Hacker News new | ask | show | jobs
by chx 1810 days ago
GE Canada has VAXen running their atomic plants and they are under contract to keep 'em running for a long time, 2035 or 2045. (Might be called BWXT today.)
3 comments

Melbourne (Australia)'s train signals used to be controlled by PDP-11s running Ericsson JZA715 train control software. They were replaced by Ospreys. An Osprey is actually a hardware PDP-11 CPU on an expansion card which plugs into an x86 PC bus. It uses an actual CPU not emulation because realtime applications like train control need to be 100% cycle accurate. (Originally they used actual PDP-11 CPU chips manufactured by DEC, later they switched to using FPGAs). It also has Unibus cards to do Unibus-ISA/EISA/PCI translation so it can integrate with the original peripherals.

http://web.archive.org/web/20210126085900/https://www.equico...

http://www.strobedata.com/home/ospreyguide.html

Why does train control need to be 100% cycle accurate?

PDP-11s ran at what, 1.25Mhz? I'd think that a modern CPU software emulating a PDP-11 CPU could get to below those cycle times.

> Why does train control need to be 100% cycle accurate?

It's not uncommon for IO interfaces to be cycle-sensitive. I can only speculate, but perhaps they do not use a timer and it is cycle-exact code for certain timing operations. They could be bit-banging a serial protocol, as that was done then as now. Or they could be controlling very sensitive things where even a few microseconds of jitter is unacceptable. Tying it so closely to the CPU like that was a dirty but common practice in the 70s and 80s. And sometimes simply obligatory! There is no high precision timer on the low-end PDP-11s by default, I believe.

A few cache misses in a row, and some branches mispredicted and your modern CPU is slower than 1.25mhz. This almost never happens (CPUs are very good at this) but when it does things can get bad.
You could keep all of the PDP-11's RAM and probably most of its "external storage" in the L2 cache of most modern CPUs.
https://en.wikichip.org/wiki/amd/microarchitectures/zen_3

> 512 KiB per core, 8-way set associative

So the 64 core 7763 / 7713 you are looking at 32 megabytes of L2.

The 11/70 in 1975 already had 22 bit address space and like 10MB disks. So -- yes, it's not unlikely with a bit of hand crafting you could keep the whole shebang in L2 but you need a top end CPU.

Lets say the modern CPU gets itself really tied up in knots and is out of action for a staggering 10ms. During that time a speeding train doing 350kph travels not quite a meter. Do trains run such tight scheduling that this isn't sufficient time to cause delay on actuating a switching element and cause an accident?
You have a legacy safety-critical system, which incorporates legacy hardware peripherals. How sensitive is it to changes in timing? You may not actually know.
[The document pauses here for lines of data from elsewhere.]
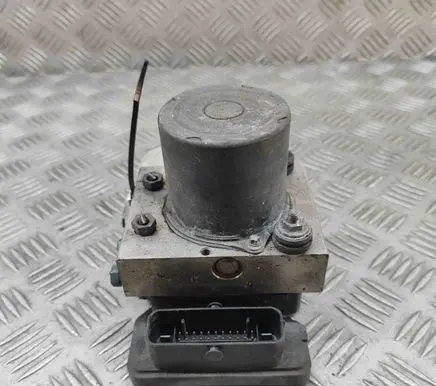 Mercedes-Benz Vito Viano W447 ABS Pump A4479008609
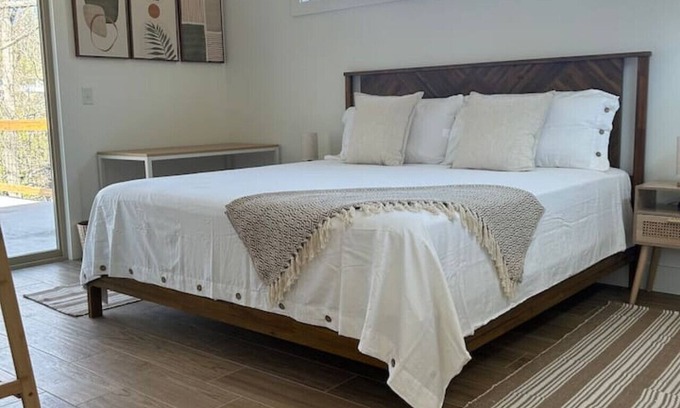 Oakley Casa | Cozy New Build in Asheville.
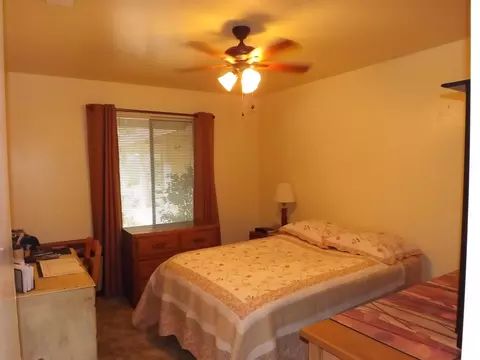 811 Oakmont Dr, Redding, CA 96003 photo 12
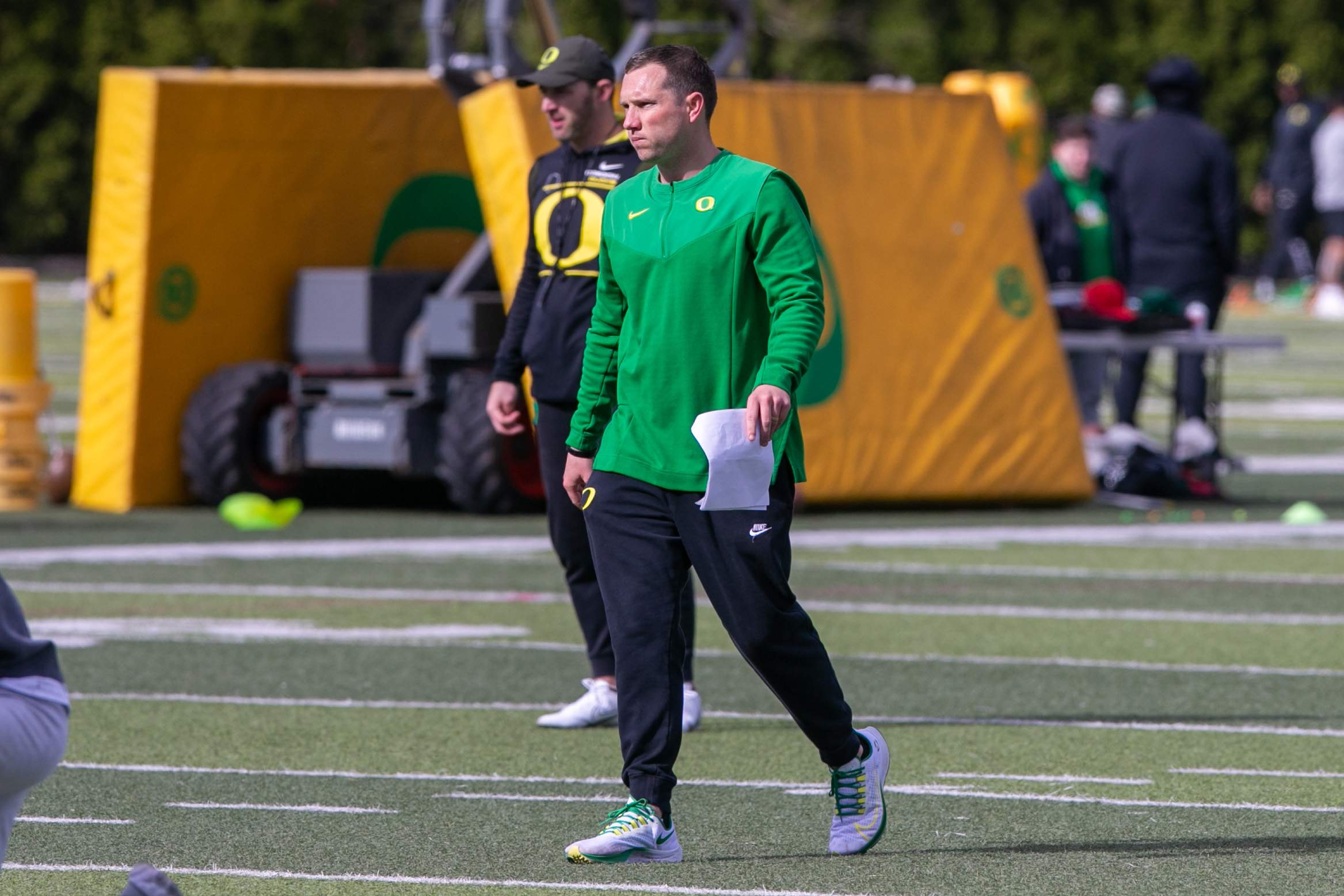 Oregon Ducks offensive coordinator Kenny Dillingham to become head coach at  Arizona State 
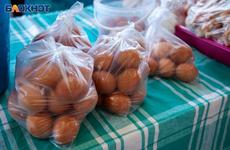 Продуктовая корзина: сравниваем цены на бананы в магазинах Волжского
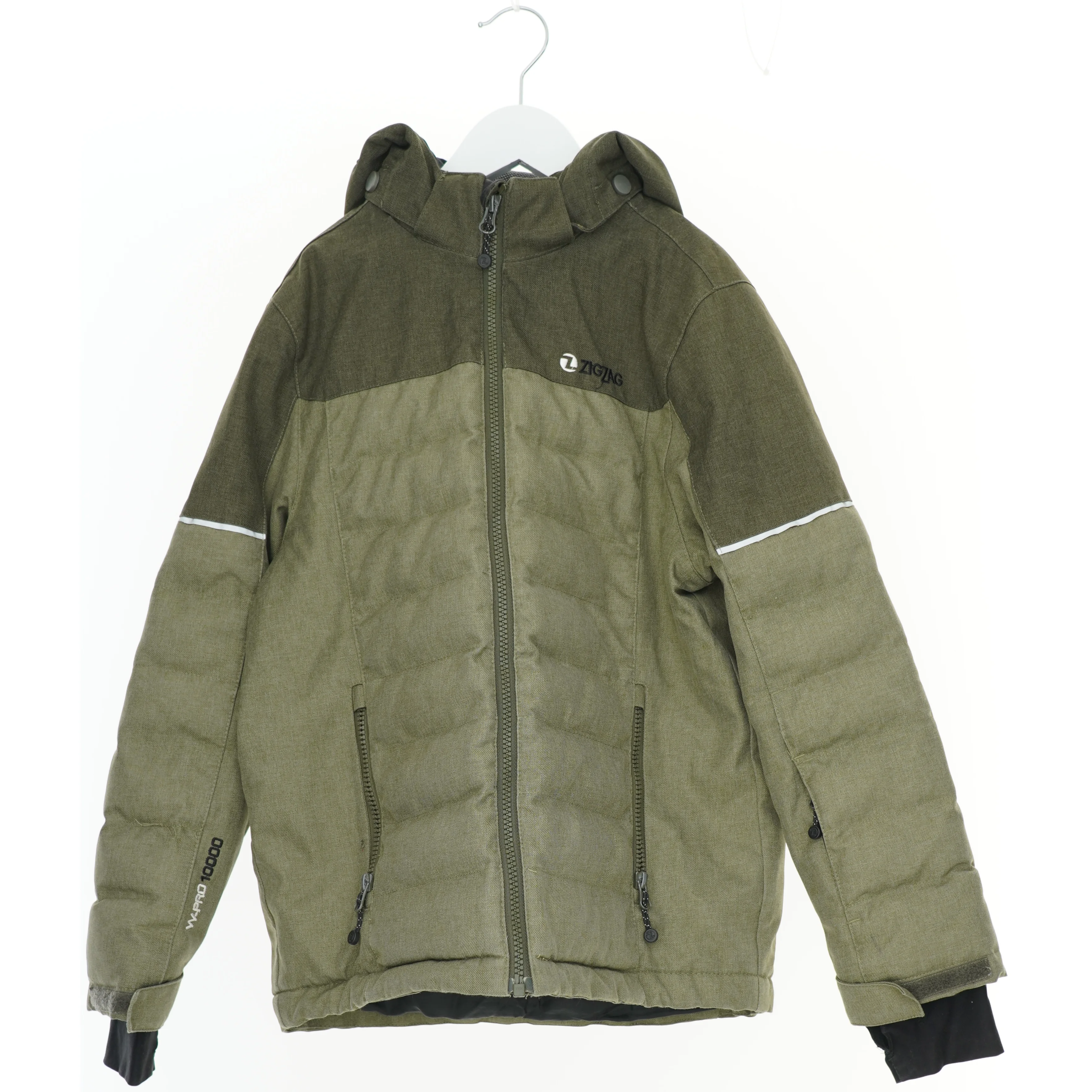 Vinterjakke med hætte fra ZigZag (str. 146)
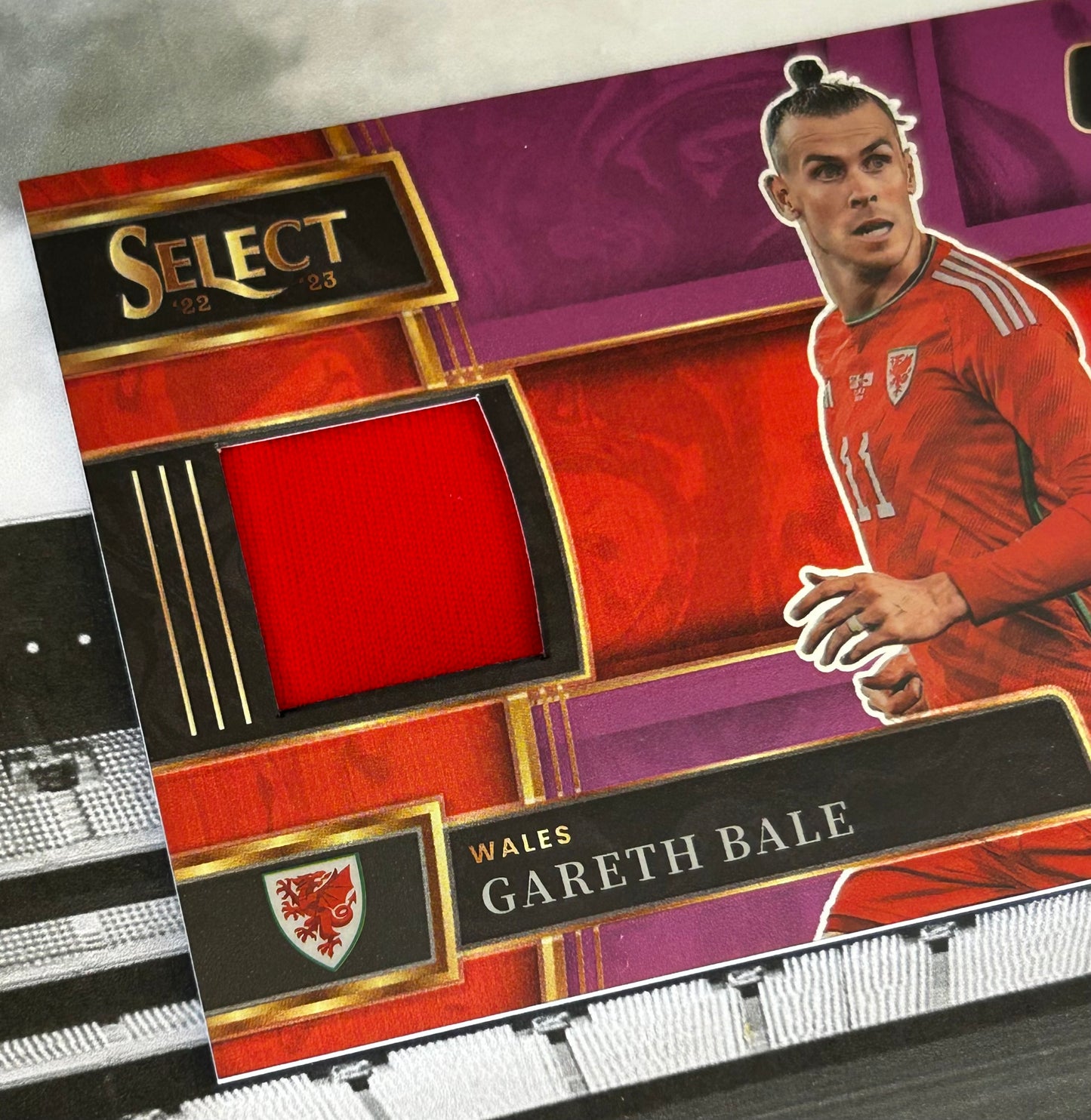 2022-23 Panini Select FIFA Soccer - GARETH BALE (WALES) Player-Worn Patch Purple Prizm #SM-GBE /49 *See Condition Note*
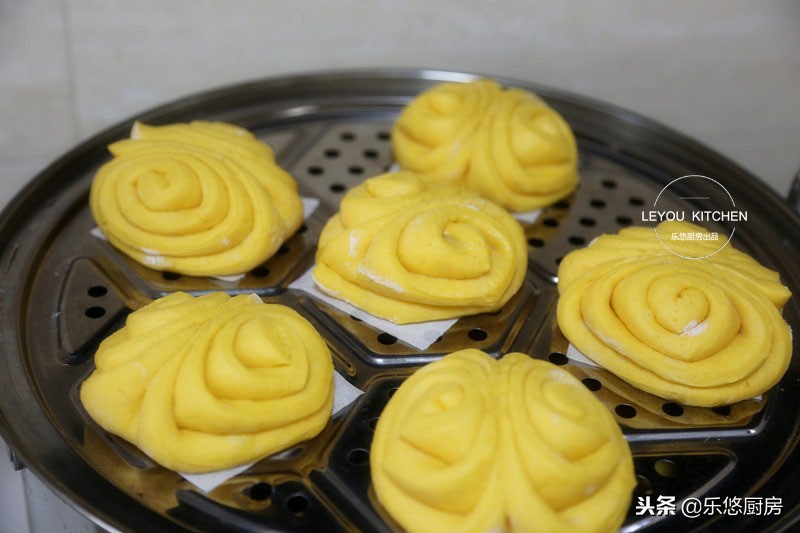 用筷子一卷的花卷,筷子压花卷做法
Do you want to do the engineering analysis necessary to prove that replacing one part of that system with potentially different timing is not going to cause problems? Or do you just seek out a replacement whose timing is as close as possible to the original?

The big issue may not be with the trains themselves but the communications protocols used to talk to signalling equipment and other peripherals. Changing the timing in the communication with them may lead to problems.

And what if the original software has race condition bugs which have never been surfaced, and the occasional inaccuracy in timing starts to surface them? Good luck fixing bugs in some obscure piece of PDP-11 software that was written in the 1970s.

You could always setup a train in a box system and iterate all the control logic sequences to verify being within margin of error. Once you know that, equipment substitution is straightforward.
I have no idea. If this is real time control that could mean you keep running the motors in the switch long enough to damage something. Or maybe you go past the end of travel switch signal without reading it, the switch turns off and you never stop... There are a lot of ways real time systems can fail.

You are correct that 10ms is well within the margin of error for safety stopping a train, but it may be out of the margin for some subsystem in the control.

With bipolar memory option, the pdp-11/45 had a 300 ns memory cycle time.
I would love to have some one write an article about how they even manages to do that.

Are they real VAX servers or have they've been virtualized/emulated somewhere down the line.

More than you would imagine.